Exercise inputs:
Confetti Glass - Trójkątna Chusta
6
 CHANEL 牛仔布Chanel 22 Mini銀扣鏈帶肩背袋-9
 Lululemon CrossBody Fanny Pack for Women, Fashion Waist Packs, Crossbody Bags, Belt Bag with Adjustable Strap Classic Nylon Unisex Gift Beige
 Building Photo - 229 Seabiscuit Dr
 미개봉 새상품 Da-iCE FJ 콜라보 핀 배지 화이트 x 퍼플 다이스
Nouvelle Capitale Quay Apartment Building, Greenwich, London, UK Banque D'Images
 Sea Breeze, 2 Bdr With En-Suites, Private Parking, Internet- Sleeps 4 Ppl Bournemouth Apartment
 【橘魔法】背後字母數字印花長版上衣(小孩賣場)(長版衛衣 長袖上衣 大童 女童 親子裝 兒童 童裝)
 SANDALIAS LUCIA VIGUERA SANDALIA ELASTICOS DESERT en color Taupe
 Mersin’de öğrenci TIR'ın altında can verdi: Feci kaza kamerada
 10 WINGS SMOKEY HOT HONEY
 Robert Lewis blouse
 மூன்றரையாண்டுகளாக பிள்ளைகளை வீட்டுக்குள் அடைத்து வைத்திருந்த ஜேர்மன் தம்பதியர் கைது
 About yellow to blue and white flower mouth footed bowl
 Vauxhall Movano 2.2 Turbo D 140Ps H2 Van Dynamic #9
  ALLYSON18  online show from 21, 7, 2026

Your objective:
Your task is to copy all of the entries exactly.

Response to the task:
Confetti Glass - Trójkątna Chusta
6
 CHANEL 牛仔布Chanel 22 Mini銀扣鏈帶肩背袋-9
 Lululemon CrossBody Fanny Pack for Women, Fashion Waist Packs, Crossbody Bags, Belt Bag with Adjustable Strap Classic Nylon Unisex Gift Beige
 Building Photo - 229 Seabiscuit Dr
 미개봉 새상품 Da-iCE FJ 콜라보 핀 배지 화이트 x 퍼플 다이스
Nouvelle Capitale Quay Apartment Building, Greenwich, London, UK Banque D'Images
 Sea Breeze, 2 Bdr With En-Suites, Private Parking, Internet- Sleeps 4 Ppl Bournemouth Apartment
 【橘魔法】背後字母數字印花長版上衣(小孩賣場)(長版衛衣 長袖上衣 大童 女童 親子裝 兒童 童裝)
 SANDALIAS LUCIA VIGUERA SANDALIA ELASTICOS DESERT en color Taupe
 Mersin’de öğrenci TIR'ın altında can verdi: Feci kaza kamerada
 10 WINGS SMOKEY HOT HONEY
 Robert Lewis blouse
 மூன்றரையாண்டுகளாக பிள்ளைகளை வீட்டுக்குள் அடைத்து வைத்திருந்த ஜேர்மன் தம்பதியர் கைது
 About yellow to blue and white flower mouth footed bowl
 Vauxhall Movano 2.2 Turbo D 140Ps H2 Van Dynamic #9
  ALLYSON18  online show from 21, 7, 2026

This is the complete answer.